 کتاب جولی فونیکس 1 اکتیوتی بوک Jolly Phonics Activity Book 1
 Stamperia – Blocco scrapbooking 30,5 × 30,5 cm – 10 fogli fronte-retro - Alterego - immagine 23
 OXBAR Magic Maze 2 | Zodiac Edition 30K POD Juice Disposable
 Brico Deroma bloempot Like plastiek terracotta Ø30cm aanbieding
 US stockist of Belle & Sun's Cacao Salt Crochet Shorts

* * *

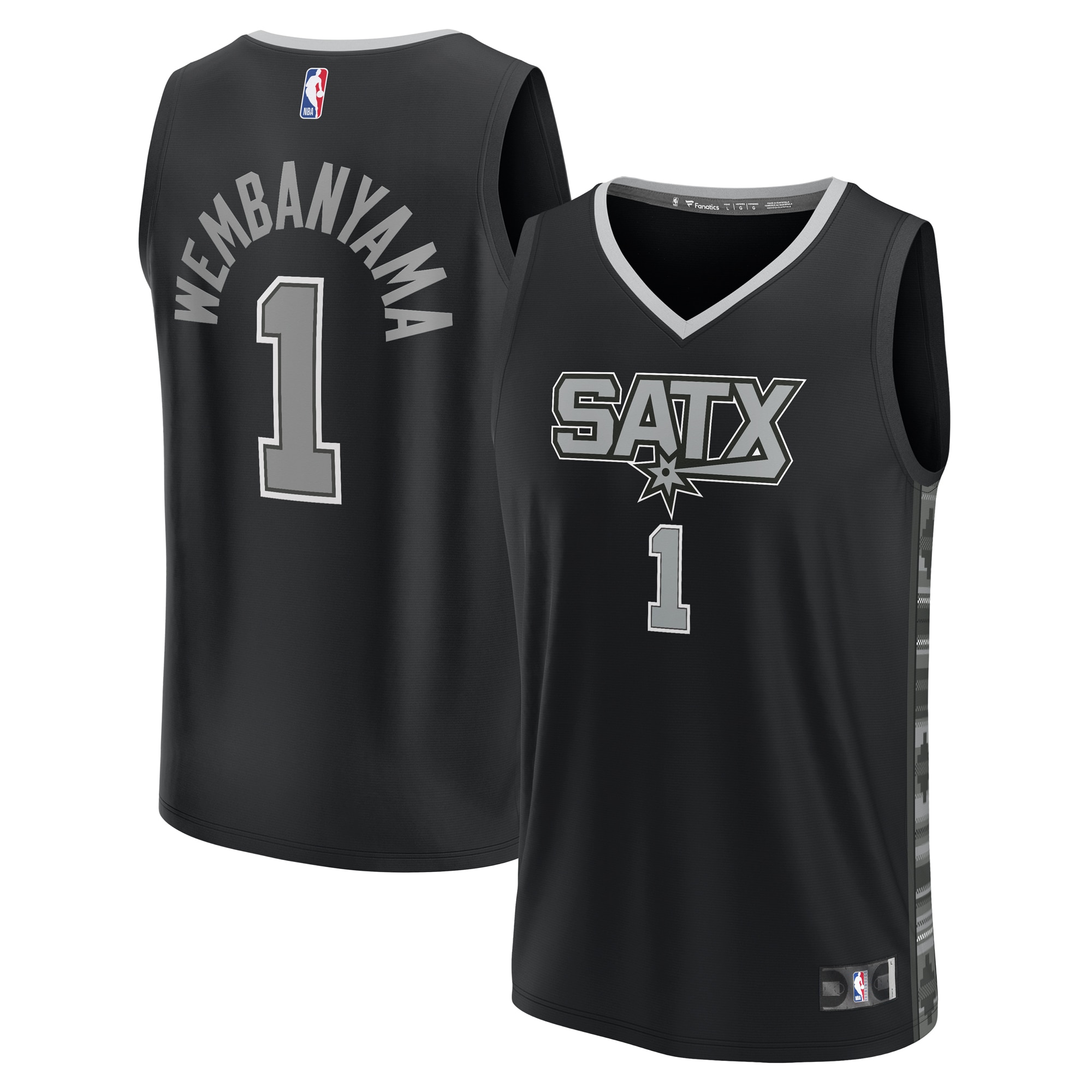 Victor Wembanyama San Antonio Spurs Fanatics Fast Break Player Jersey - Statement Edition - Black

Exercise description
Restate word for word only the lines above from the line containing "کتاب جولی فونیکس" to the line containing "US stockist of", both of them included.

Solved exercise
 کتاب جولی فونیکس 1 اکتیوتی بوک Jolly Phonics Activity Book 1
 Stamperia – Blocco scrapbooking 30,5 × 30,5 cm – 10 fogli fronte-retro - Alterego - immagine 23
 OXBAR Magic Maze 2 | Zodiac Edition 30K POD Juice Disposable
 Brico Deroma bloempot Like plastiek terracotta Ø30cm aanbieding
 US stockist of Belle & Sun's Cacao Salt Crochet Shorts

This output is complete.